How to be Peyton Manning, and why it matters.

Seasoned veterans in the technology field know that we are often forced to deal with incomplete information.  Regardless of efforts to be on the same page with senior leadership, decisions will be made without input from IT and we will be left trying to figure out how we will make it happen.  It can be a mad scramble.  Being reactive instead of being proactive is never fun.  That’s why it is important to be Peyton Manning.

Peyton Manning, one of the most successful (and record setting) quarterbacks in NFL history, is known for his ability to read the defensive scheme and call an audible.  Need more proof?  Read this article here.  Manning Master of the Audible.

That’s what I tell my team regularly.  We often stand at the line of scrimmage not knowing exactly what is coming at us.  It might be a full out blitz, and none of us want to get a concussion…  So what do we do?  We look at the defense and change the play.  It’s expensive, it takes more time, and it’s risky.  Certainly it would be better to know exactly what is coming so that you can just run the play as called, but that rarely happens.  Peyton is a highly paid player because not only can he throw the ball with accuracy, but because he can see what’s coming and execute the offense in spite of what’s coming.

IT leaders must realize that they are valuable because they survey their surroundings and make the best decision possible given what they see.  This is true for every person on the team.  Is your leadership giving you the ability to make that decision?  Are you allowing your team members to call audibles?  If not, that needs to change.  Just ask Peyton, here are the words from his Offensive Coordinator… “Hey, if you see something out there, you call it. You change it and I have your back,'” Manning says. “Some coaches tell their quarterbacks, ‘Hey, you can change the play, but it better work.’ That is not confidence.
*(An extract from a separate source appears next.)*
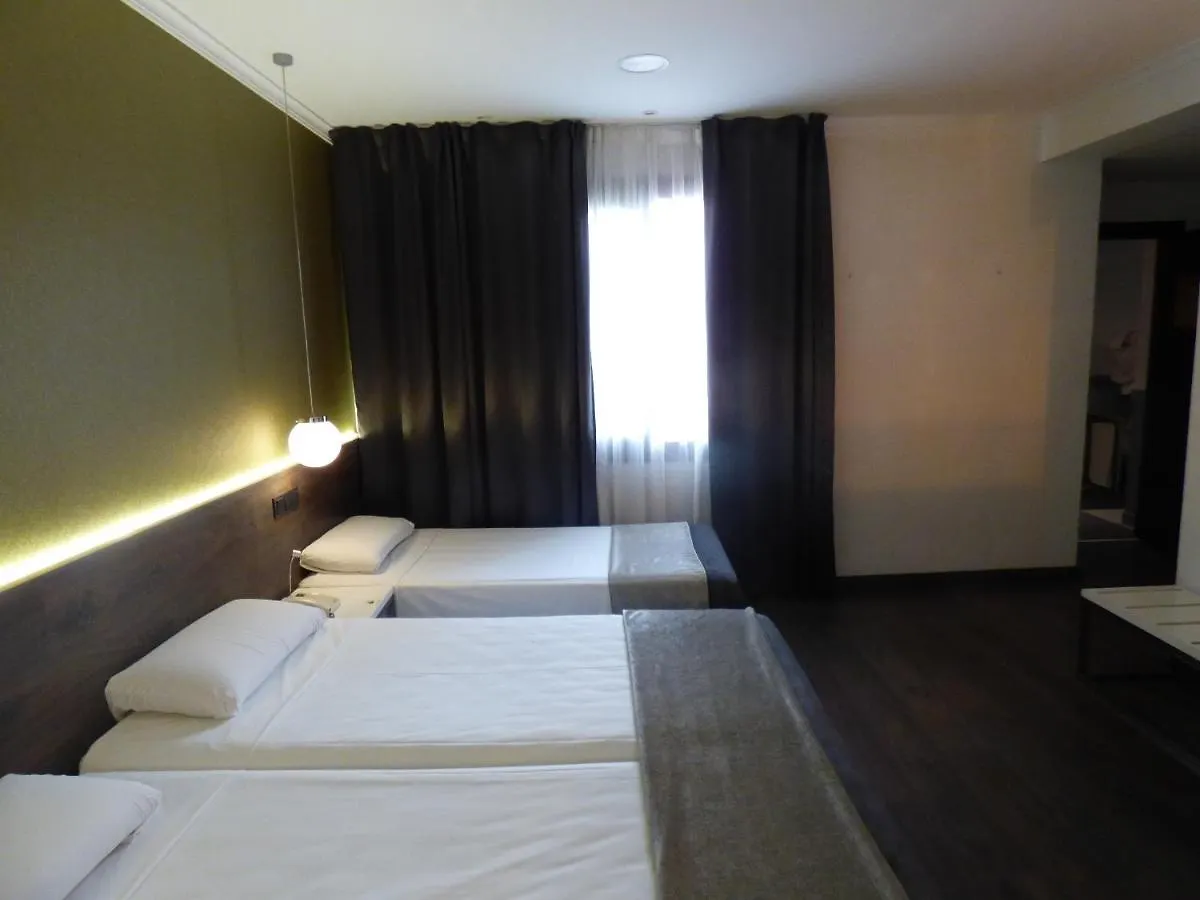 Moderno Hotel Barcelona 3*,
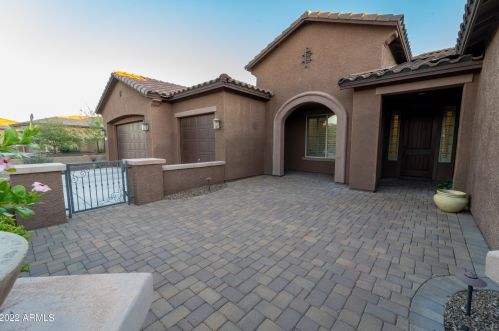 6105 Hodges St, Cave Creek, AZ 85331-2517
That is a threat.”

“He sees those things so well that I can’t even explain it,” Indianapolis right tackle Ryan Diem says of Peyton.  Can that be said of you and your team?  Are you training your team to always run the play as called in the huddle, or to be flexible to change right before the ball is snapped?

You, like Peyton, are more valuable if spend time in the film room.  You need to know what might be thrown against you, you need to read the defensive scheme, you need to read minds.  It’s maybe the most important thing you can do.  Be flexible and be ready to call an audible.